## DATA
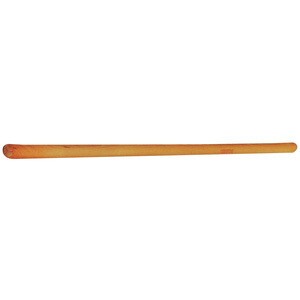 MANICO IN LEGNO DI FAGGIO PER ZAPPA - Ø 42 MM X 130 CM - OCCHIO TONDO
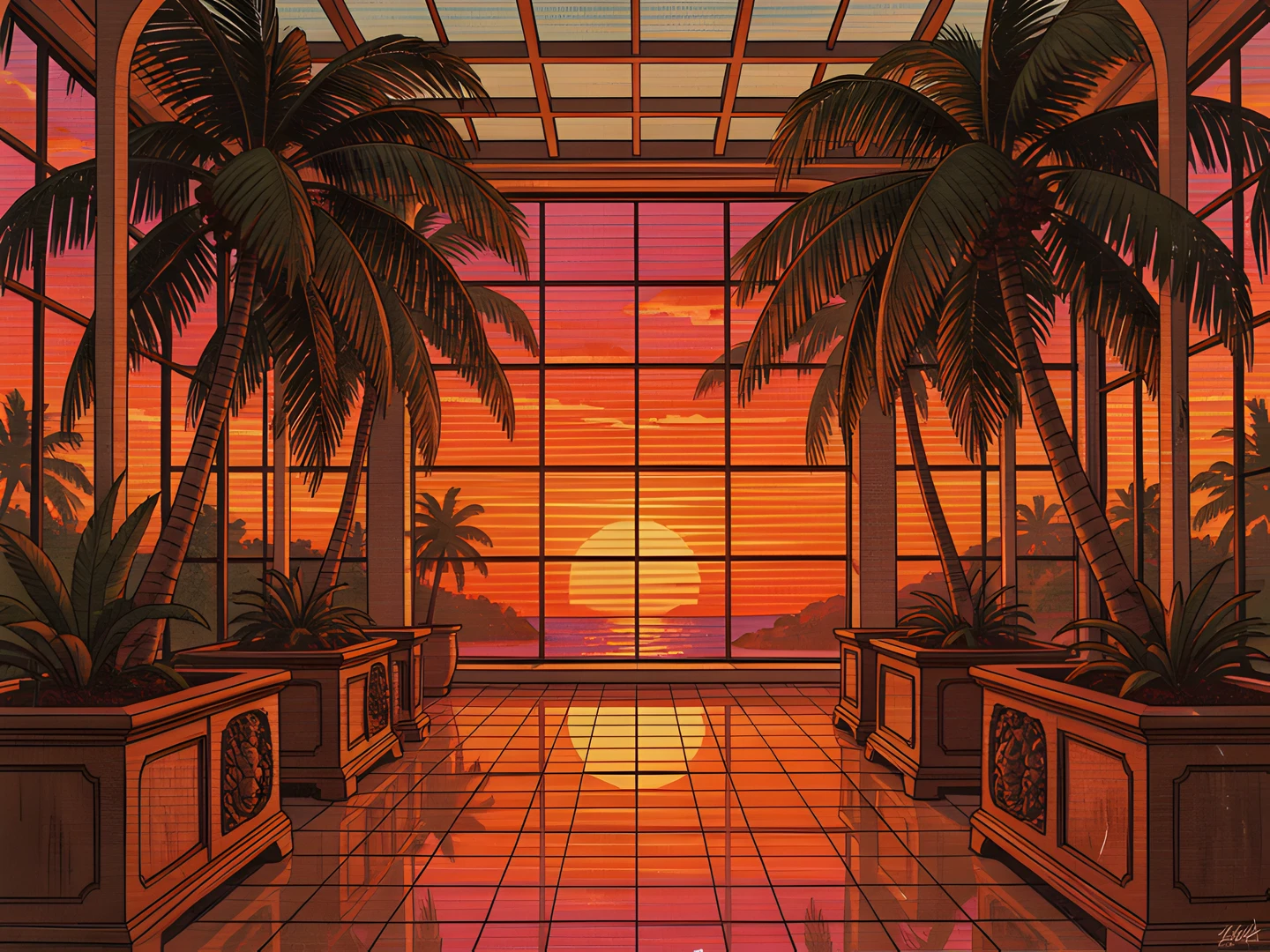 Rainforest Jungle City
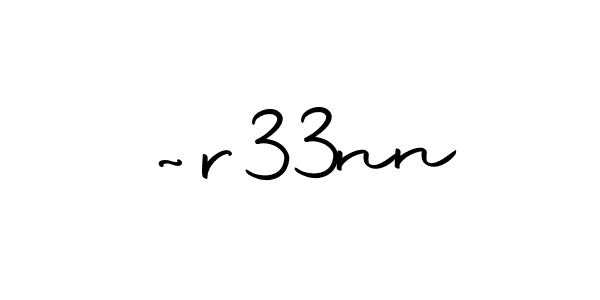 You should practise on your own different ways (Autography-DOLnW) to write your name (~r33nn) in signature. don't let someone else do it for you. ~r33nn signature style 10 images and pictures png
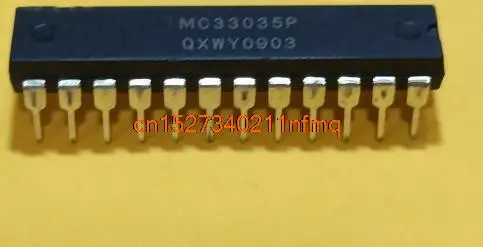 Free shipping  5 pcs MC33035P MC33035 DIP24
* * *
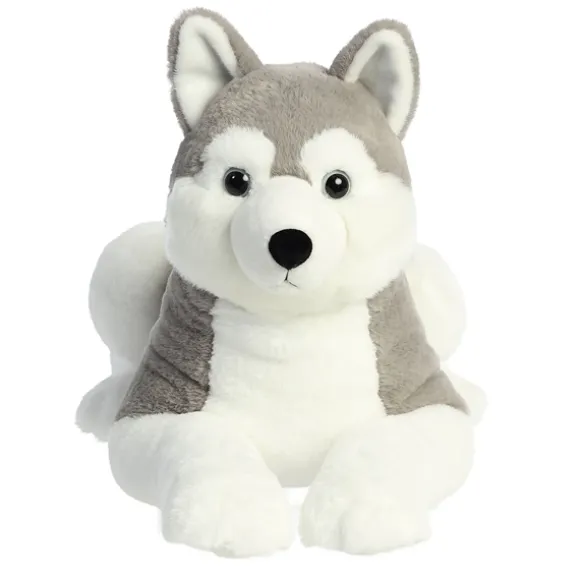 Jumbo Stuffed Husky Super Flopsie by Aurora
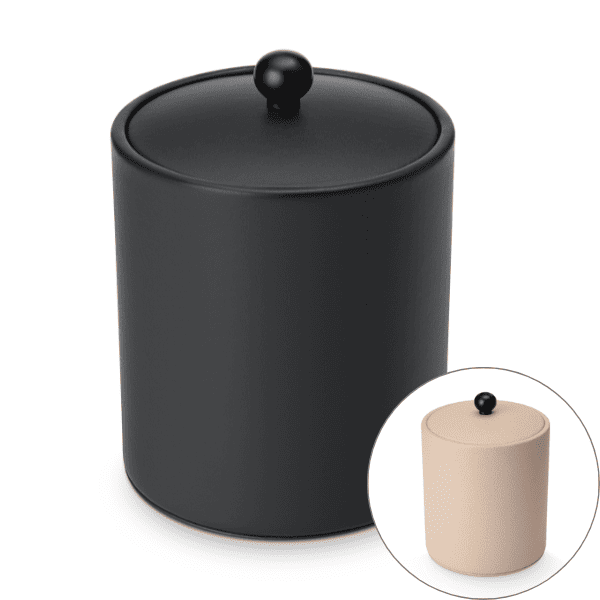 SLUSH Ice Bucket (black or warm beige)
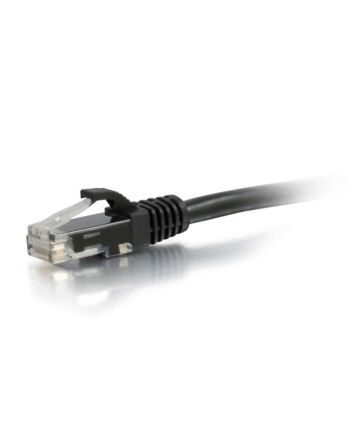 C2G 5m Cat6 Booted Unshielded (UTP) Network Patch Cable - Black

## TASK DETAILS
Although pictures appear among the records above, none are to be output; print exactly the lines from the line containing "You should practise" through the line containing "MC33035P MC33035 DIP24".

## EXERCISE RESULT
 You should practise on your own different ways (Autography-DOLnW) to write your name (~r33nn) in signature. don't let someone else do it for you. ~r33nn signature style 10 images and pictures png
 Free shipping  5 pcs MC33035P MC33035 DIP24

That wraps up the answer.